Individual measures are not enough to achieve gender equality in academia.

In order to achieve gender equality, we must change the structures in academia. This requires a systematic effort in which the top-level administration at each institution takes active part, according to Linda Marie Rustad, Senior Adviser for the Committee for Gender Balance in Research (KIF).

“The Norwegian School of Sport Sciences is a shining example of how gender equality efforts should be conducted. Since its establishment in 1968, the school has worked systematically to achieve gender balance among its students and staff. The Rector chairs the gender equality committee, which bases its activities on concrete target figures, and the committee has effective routines for reporting to the board on the action plan for gender equality,” says Rustad.

As a result, the top-level administration is clear about the major gender-equality challenges facing the school, and they can work in a more systematic manner, she believes.

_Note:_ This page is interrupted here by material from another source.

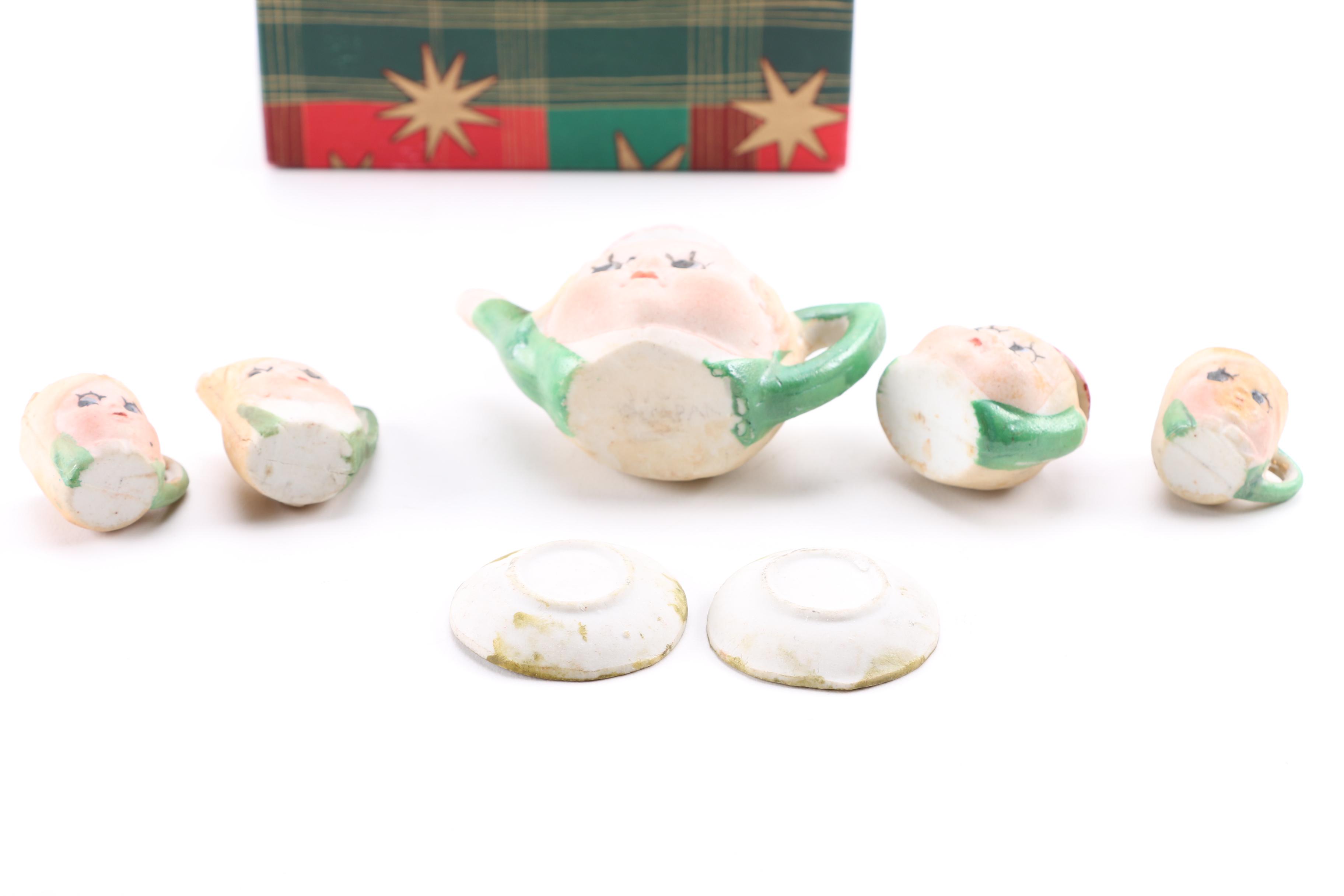 Hand Painted Ceramic Figural Tea Set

“The school has also made an effort to focus on the connection between gender perspectives in research and the recruitment of women. They now have a large percentage of female professors and considerable expertise in gender research in their discipline.”

The Norwegian School of Sport Sciences received the Gender Equality Award in 2009 from the Ministry of Education and Research. The award is given to an institution in the research sector that has introduced active, targeted, systematic activities to promote gender equality and that has taken significant steps to increase the percentage of women in academic positions.

“The institutions need leaders who demand results in addition to those who do the handson work. An effective internal organisation is required in order to successfully implement gender equality activities,” says Rustad.

Players at all levels

The Committee for Gender Balance in Research (KIF) is appointed by the Norwegian Ministry of Education and Research, and is charged with the task of supporting the efforts to achieve gender equality in the research sector. The committee’s mandate is to mainstream the topic and raise the level of knowledge about what gender equality entails.

“We work on three different levels: vis-à-vis national strategies and national stakeholders, vis-à-vis the top-level administration at the individual institutions and vis-à-vis those responsible for the gender equality activities at the institutions. For instance, we look at whether the rectors adopt the Government’s recommendations and whether they actually implement their own action plans. We also organise meeting places, such as seminars, conferences and networks, that bring together these various levels,” says Rustad.